Let $\sigma \in S_n$ be a permutation and $R_\sigma$ be the corresponding operator $V_1 \otimes \cdots V_n \to V_{\sigma (1)} \otimes \cdots V_{\sigma (n)}$. If we apply $R_\sigma$ to $\psi$ and it was not entangled then we could write it as $v_{\sigma (1)} \otimes \cdots v_{\sigma (n)}$. Conversely if $R_{\sigma} \psi$ is not entangled then we get $\psi$ is not either. That means this notion of entanglement does not depend on the ordering.

One problem with this is that it is very sensitive. Consider the state $|00\rangle + \epsilon | 11 \rangle$ for small $\epsilon$.

For further information see the notion of tensor rank and border rank. Substitute $\mathbb{C}$ for the field $F$ everywhere. The statistics applications more use the $\mathbb{R}$ case. The border rank is the phenomenon underlying the W-state.

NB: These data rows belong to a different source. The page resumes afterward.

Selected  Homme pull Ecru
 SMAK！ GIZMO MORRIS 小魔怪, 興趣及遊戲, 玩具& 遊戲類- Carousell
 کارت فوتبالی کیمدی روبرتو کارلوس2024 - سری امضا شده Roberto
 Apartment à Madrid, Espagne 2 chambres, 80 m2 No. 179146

Another thing one can do is do redefinition using any set partition of $n$ into $k$ parts. For example, if $n=4$ a set partition might be $1,2,4$ and $3$ into $k=2$ parts. Then from this we define $W_1 = V_1 \otimes V_2 \otimes V_4$ and $W_2 = V_3$. Then we get the image of $\psi$ as an element of $W_1 \otimes \cdots W_k$ by an appropriate permutation and taking tensor products. One can then compute the rank in this context instead of the $V$ context. With some permutation, we can get the state to become unentangled. This is when all the entanglement has been absorbed into the set partition.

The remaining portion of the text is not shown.